== Exercise directions ==
In your reply, reproduce the lines from the first one below to the line containing "A long, brown", inclusive, exactly as they stand.

== Available records ==
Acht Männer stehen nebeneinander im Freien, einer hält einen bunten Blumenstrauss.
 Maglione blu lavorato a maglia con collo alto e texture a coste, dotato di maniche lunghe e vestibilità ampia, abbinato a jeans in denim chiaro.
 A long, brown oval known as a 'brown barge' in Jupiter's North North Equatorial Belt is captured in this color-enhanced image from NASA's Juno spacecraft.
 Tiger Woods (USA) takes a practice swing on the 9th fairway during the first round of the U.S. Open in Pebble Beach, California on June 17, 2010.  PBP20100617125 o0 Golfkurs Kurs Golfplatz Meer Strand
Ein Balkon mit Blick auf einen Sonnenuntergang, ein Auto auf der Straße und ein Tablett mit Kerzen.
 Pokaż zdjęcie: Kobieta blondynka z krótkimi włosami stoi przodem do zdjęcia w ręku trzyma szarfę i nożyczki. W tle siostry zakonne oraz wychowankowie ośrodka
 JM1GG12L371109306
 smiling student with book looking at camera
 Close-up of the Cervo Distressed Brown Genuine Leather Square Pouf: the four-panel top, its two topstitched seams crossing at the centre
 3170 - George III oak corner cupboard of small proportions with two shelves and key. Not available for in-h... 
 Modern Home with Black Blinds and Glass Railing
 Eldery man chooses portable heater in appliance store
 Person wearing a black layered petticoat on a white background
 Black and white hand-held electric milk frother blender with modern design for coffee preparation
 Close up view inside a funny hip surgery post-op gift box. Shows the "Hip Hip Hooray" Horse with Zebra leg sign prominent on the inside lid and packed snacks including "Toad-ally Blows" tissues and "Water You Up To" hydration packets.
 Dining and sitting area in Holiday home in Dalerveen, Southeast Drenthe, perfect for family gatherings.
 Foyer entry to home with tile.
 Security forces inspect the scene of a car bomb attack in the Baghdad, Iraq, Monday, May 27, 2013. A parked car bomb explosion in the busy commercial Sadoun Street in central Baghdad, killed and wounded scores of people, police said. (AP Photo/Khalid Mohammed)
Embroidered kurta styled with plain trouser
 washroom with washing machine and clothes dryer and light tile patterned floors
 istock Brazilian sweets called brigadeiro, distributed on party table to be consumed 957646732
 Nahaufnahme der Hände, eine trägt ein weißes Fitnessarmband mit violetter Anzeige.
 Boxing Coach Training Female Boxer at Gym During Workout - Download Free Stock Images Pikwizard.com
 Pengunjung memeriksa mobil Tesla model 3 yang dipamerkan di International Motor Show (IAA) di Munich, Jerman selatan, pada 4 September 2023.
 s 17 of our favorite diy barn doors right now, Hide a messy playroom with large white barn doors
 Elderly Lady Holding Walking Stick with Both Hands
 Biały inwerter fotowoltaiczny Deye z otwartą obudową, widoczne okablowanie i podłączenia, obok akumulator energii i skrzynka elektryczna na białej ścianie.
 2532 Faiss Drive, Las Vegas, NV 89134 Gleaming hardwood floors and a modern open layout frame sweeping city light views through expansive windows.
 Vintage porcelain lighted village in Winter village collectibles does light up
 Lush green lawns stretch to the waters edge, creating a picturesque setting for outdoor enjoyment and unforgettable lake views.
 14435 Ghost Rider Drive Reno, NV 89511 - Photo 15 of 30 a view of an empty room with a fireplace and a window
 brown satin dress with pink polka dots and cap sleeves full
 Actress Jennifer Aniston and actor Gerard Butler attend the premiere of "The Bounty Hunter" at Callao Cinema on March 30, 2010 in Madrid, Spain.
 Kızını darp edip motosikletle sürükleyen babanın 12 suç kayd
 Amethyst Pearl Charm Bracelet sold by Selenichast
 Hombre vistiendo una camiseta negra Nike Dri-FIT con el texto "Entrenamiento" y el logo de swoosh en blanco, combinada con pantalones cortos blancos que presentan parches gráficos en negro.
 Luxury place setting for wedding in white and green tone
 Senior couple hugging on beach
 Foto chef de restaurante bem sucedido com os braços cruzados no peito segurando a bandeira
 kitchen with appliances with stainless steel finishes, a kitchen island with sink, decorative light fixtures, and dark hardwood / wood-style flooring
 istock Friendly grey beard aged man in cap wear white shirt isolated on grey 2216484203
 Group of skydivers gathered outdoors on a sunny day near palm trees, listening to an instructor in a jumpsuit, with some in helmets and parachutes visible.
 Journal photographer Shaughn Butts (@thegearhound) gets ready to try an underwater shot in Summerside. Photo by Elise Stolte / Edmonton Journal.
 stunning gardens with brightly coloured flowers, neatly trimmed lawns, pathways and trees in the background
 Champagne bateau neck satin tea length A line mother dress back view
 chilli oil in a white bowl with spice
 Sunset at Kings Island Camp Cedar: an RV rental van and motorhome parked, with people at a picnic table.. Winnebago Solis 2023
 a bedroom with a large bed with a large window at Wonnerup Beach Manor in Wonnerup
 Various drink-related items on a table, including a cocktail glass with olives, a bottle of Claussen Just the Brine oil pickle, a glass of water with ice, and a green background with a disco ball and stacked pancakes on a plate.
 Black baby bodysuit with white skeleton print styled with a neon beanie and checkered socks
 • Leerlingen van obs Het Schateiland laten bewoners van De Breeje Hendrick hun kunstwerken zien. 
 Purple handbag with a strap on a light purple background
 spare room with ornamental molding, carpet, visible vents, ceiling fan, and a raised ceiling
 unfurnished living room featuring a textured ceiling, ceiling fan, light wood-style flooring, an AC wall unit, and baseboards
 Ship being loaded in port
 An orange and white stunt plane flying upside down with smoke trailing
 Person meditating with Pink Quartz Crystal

== Exercise result ==
Acht Männer stehen nebeneinander im Freien, einer hält einen bunten Blumenstrauss.
 Maglione blu lavorato a maglia con collo alto e texture a coste, dotato di maniche lunghe e vestibilità ampia, abbinato a jeans in denim chiaro.
 A long, brown oval known as a 'brown barge' in Jupiter's North North Equatorial Belt is captured in this color-enhanced image from NASA's Juno spacecraft.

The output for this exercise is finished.